Each line from the one that contains "Lower Bay Beach View Land" to the last line of the records below must be restated word for word.

(Items from a data source)
===
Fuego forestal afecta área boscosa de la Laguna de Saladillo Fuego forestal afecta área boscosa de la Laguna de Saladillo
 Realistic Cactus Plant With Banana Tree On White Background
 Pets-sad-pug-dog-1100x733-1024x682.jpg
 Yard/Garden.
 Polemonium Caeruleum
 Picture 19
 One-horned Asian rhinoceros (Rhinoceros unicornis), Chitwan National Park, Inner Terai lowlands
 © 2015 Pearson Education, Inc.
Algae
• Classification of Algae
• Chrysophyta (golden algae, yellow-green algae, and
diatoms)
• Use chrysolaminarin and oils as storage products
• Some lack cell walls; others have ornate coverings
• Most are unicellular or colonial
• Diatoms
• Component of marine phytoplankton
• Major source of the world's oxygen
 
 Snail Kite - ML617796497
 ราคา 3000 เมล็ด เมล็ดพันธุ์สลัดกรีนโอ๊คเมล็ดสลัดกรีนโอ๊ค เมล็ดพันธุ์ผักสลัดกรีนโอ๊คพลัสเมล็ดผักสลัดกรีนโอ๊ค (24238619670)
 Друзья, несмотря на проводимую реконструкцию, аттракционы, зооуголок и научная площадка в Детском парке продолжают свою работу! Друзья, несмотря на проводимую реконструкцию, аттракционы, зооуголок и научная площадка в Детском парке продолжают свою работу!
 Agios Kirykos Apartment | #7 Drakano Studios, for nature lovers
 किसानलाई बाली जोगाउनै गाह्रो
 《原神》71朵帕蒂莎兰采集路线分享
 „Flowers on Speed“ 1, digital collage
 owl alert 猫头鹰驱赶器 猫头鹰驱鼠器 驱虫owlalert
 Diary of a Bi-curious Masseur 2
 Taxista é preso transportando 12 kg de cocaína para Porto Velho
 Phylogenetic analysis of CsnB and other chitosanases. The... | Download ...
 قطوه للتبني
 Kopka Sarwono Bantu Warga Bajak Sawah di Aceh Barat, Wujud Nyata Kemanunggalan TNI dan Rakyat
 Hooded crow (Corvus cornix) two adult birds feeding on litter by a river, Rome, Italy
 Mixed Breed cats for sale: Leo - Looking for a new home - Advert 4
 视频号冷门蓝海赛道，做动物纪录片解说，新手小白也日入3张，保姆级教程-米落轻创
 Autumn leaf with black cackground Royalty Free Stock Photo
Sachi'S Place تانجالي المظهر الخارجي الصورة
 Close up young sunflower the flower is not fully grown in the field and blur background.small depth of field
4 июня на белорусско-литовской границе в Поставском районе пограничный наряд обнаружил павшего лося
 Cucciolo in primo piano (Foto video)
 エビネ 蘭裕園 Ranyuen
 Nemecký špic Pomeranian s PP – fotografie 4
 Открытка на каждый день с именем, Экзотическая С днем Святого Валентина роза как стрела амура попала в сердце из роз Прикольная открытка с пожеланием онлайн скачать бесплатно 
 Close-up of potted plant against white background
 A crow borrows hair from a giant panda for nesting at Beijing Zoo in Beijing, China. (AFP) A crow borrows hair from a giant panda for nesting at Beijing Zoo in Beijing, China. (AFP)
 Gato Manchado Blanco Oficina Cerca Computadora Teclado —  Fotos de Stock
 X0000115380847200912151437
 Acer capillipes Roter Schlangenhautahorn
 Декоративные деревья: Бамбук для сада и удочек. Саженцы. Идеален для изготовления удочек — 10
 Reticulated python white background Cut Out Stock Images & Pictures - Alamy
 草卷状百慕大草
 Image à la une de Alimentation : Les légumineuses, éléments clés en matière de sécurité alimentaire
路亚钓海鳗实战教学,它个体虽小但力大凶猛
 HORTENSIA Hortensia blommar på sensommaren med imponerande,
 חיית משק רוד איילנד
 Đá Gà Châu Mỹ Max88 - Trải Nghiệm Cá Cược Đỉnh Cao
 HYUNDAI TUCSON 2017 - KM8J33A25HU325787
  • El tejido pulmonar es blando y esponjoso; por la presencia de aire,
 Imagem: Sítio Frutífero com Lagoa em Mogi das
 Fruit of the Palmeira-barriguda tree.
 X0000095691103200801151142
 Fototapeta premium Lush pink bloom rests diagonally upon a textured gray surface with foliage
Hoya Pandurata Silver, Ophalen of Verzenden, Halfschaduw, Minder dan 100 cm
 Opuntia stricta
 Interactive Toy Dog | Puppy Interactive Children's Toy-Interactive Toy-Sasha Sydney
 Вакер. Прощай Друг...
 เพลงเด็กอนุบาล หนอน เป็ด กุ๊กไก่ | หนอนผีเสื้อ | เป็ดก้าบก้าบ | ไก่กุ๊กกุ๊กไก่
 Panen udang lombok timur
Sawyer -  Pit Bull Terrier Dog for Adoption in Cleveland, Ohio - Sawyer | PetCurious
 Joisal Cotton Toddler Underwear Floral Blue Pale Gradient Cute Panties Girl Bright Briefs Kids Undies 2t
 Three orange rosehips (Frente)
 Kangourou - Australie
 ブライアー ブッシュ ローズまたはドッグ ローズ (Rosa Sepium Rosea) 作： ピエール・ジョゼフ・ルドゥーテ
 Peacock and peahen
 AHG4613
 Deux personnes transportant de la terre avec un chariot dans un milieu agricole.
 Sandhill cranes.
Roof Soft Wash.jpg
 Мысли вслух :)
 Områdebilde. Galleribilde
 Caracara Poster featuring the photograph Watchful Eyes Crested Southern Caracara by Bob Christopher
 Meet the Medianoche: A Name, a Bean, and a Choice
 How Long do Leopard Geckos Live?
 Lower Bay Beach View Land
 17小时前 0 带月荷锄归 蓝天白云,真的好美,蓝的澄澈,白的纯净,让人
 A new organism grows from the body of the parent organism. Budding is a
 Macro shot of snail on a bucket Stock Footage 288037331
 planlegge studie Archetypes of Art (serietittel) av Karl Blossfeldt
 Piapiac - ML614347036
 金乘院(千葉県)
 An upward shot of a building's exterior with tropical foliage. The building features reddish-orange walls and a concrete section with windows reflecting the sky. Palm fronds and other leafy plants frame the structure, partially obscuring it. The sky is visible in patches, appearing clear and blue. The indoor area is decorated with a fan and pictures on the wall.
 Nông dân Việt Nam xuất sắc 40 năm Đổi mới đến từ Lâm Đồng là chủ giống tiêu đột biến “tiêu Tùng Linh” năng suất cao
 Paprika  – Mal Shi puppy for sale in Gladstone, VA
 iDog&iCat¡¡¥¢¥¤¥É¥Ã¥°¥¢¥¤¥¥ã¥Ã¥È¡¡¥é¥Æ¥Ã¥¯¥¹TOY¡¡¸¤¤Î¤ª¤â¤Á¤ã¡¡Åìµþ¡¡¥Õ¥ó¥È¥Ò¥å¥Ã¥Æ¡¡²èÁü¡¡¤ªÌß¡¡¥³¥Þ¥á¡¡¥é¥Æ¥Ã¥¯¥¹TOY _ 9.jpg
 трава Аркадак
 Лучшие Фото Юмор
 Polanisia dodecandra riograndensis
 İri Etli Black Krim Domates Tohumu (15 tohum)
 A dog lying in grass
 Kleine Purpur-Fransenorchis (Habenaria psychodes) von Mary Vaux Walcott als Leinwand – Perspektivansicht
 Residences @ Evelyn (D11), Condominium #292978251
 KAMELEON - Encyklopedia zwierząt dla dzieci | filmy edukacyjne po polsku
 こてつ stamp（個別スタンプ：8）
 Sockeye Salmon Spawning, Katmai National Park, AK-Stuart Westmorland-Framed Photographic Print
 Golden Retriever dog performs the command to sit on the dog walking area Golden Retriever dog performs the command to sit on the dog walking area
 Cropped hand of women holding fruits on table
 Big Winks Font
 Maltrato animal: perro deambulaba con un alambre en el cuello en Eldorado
===
**Answer box:**
 Lower Bay Beach View Land
 17小时前 0 带月荷锄归 蓝天白云,真的好美,蓝的澄澈,白的纯净,让人
 A new organism grows from the body of the parent organism. Budding is a
 Macro shot of snail on a bucket Stock Footage 288037331
 planlegge studie Archetypes of Art (serietittel) av Karl Blossfeldt
 Piapiac - ML614347036
 金乘院(千葉県)
 An upward shot of a building's exterior with tropical foliage. The building features reddish-orange walls and a concrete section with windows reflecting the sky. Palm fronds and other leafy plants frame the structure, partially obscuring it. The sky is visible in patches, appearing clear and blue. The indoor area is decorated with a fan and pictures on the wall.
 Nông dân Việt Nam xuất sắc 40 năm Đổi mới đến từ Lâm Đồng là chủ giống tiêu đột biến “tiêu Tùng Linh” năng suất cao
 Paprika  – Mal Shi puppy for sale in Gladstone, VA
 iDog&iCat¡¡¥¢¥¤¥É¥Ã¥°¥¢¥¤¥¥ã¥Ã¥È¡¡¥é¥Æ¥Ã¥¯¥¹TOY¡¡¸¤¤Î¤ª¤â¤Á¤ã¡¡Åìµþ¡¡¥Õ¥ó¥È¥Ò¥å¥Ã¥Æ¡¡²èÁü¡¡¤ªÌß¡¡¥³¥Þ¥á¡¡¥é¥Æ¥Ã¥¯¥¹TOY _ 9.jpg
 трава Аркадак
 Лучшие Фото Юмор
 Polanisia dodecandra riograndensis
 İri Etli Black Krim Domates Tohumu (15 tohum)
 A dog lying in grass
 Kleine Purpur-Fransenorchis (Habenaria psychodes) von Mary Vaux Walcott als Leinwand – Perspektivansicht
 Residences @ Evelyn (D11), Condominium #292978251
 KAMELEON - Encyklopedia zwierząt dla dzieci | filmy edukacyjne po polsku
 こてつ stamp（個別スタンプ：8）
 Sockeye Salmon Spawning, Katmai National Park, AK-Stuart Westmorland-Framed Photographic Print
 Golden Retriever dog performs the command to sit on the dog walking area Golden Retriever dog performs the command to sit on the dog walking area
 Cropped hand of women holding fruits on table
 Big Winks Font
 Maltrato animal: perro deambulaba con un alambre en el cuello en Eldorado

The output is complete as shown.